INSTRUCTIONS TO FOLLOW:
Each line from the first line of the entries through the line holding "92 Reynolds Rd, Grand Isle, VT 05458" is to be restated word for word; nothing else, and no picture, belongs in the answer.
+---+
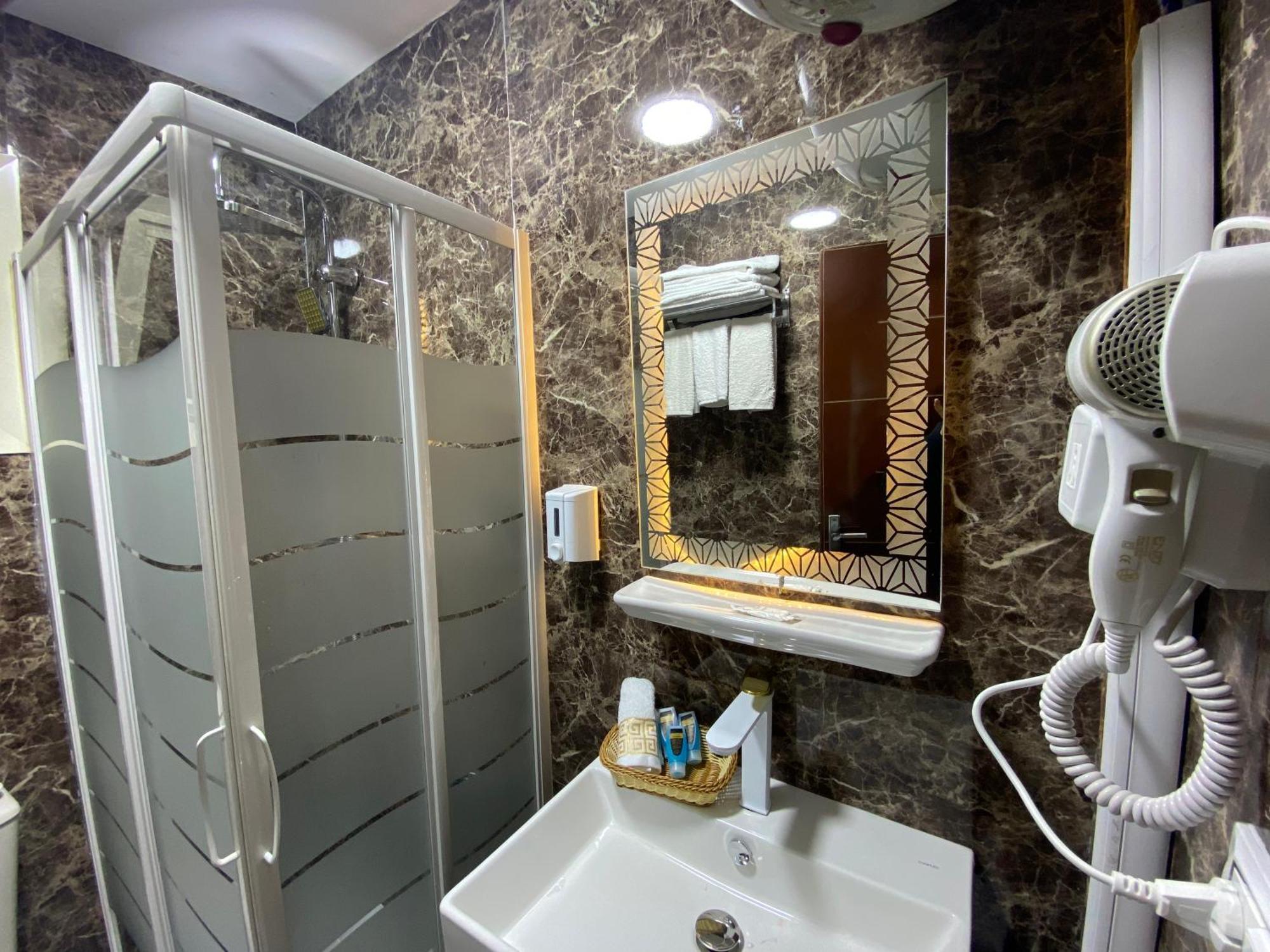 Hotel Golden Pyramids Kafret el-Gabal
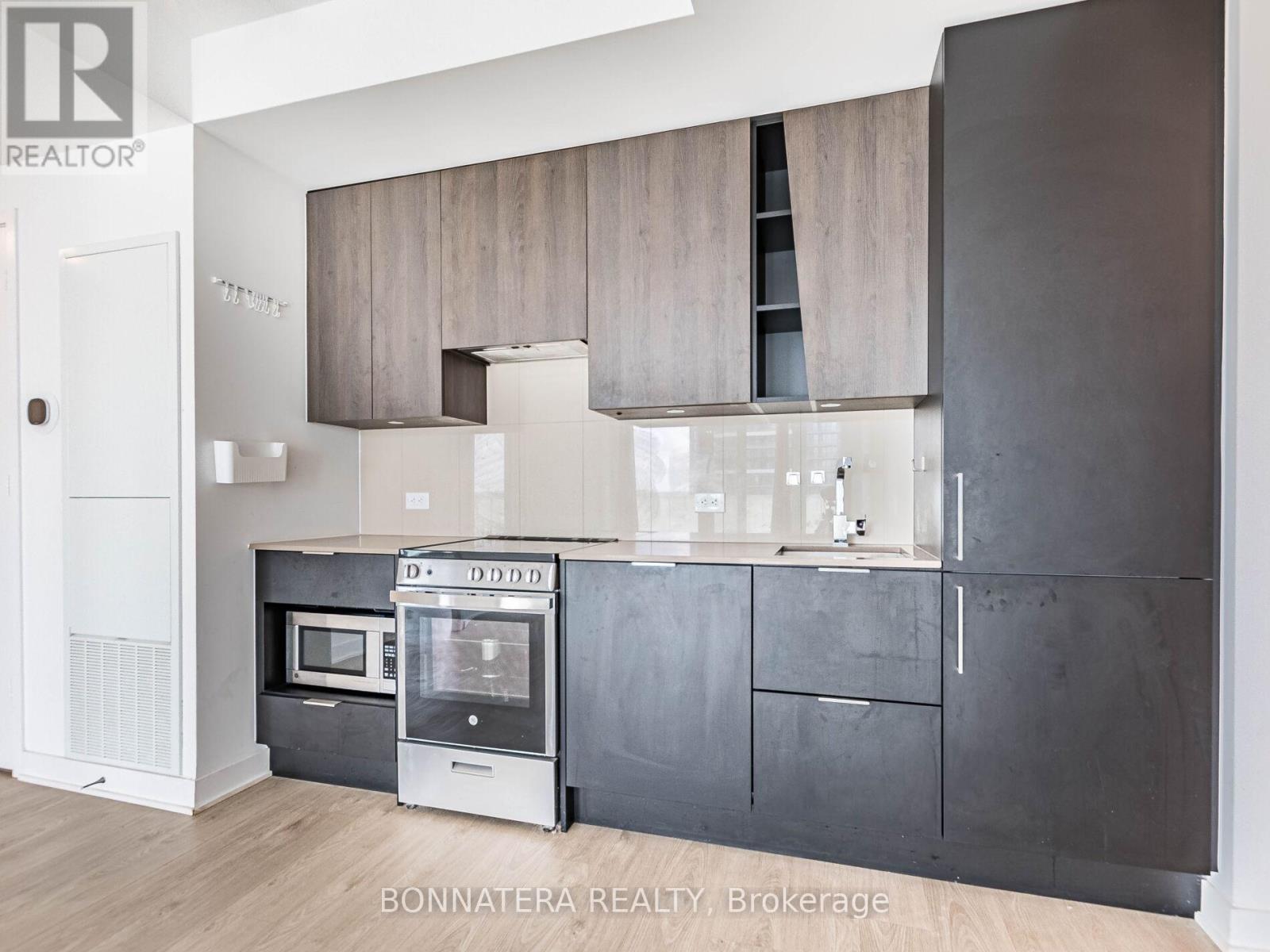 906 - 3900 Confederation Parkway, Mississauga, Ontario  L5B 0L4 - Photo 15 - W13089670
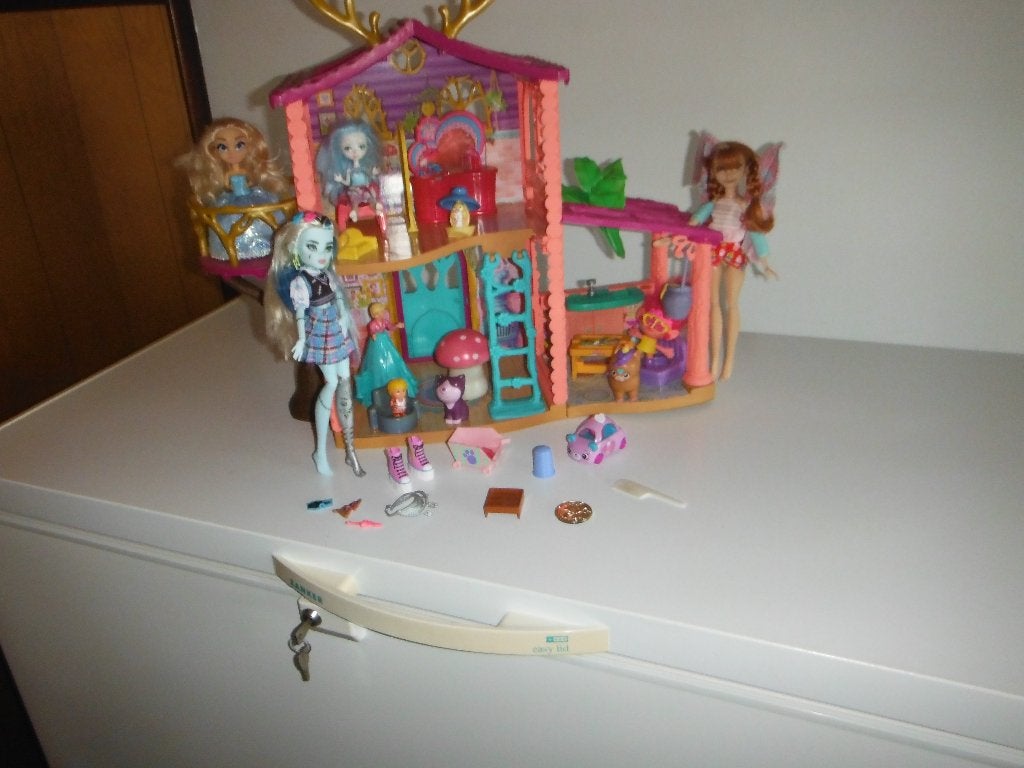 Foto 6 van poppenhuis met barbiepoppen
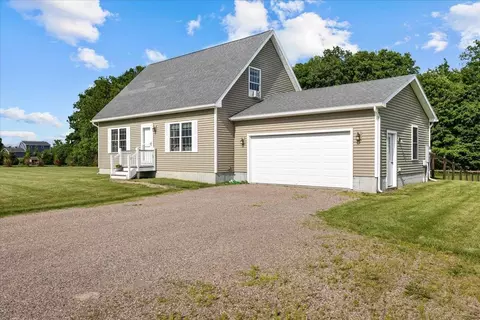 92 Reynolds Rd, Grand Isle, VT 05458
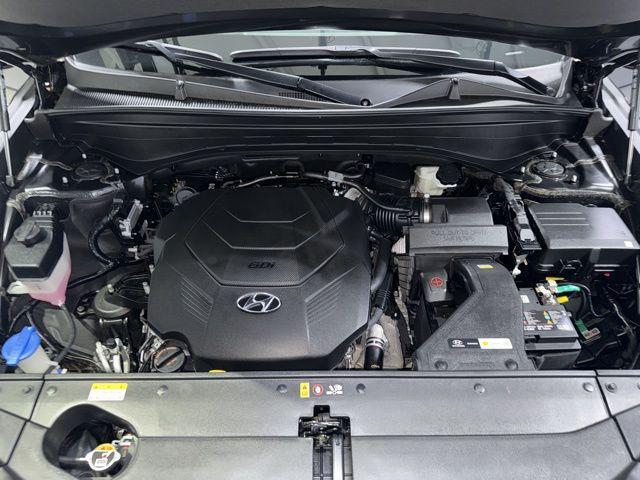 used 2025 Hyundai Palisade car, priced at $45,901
+---+
OUTPUT BELOW:
 Hotel Golden Pyramids Kafret el-Gabal
 906 - 3900 Confederation Parkway, Mississauga, Ontario  L5B 0L4 - Photo 15 - W13089670
 Foto 6 van poppenhuis met barbiepoppen
 92 Reynolds Rd, Grand Isle, VT 05458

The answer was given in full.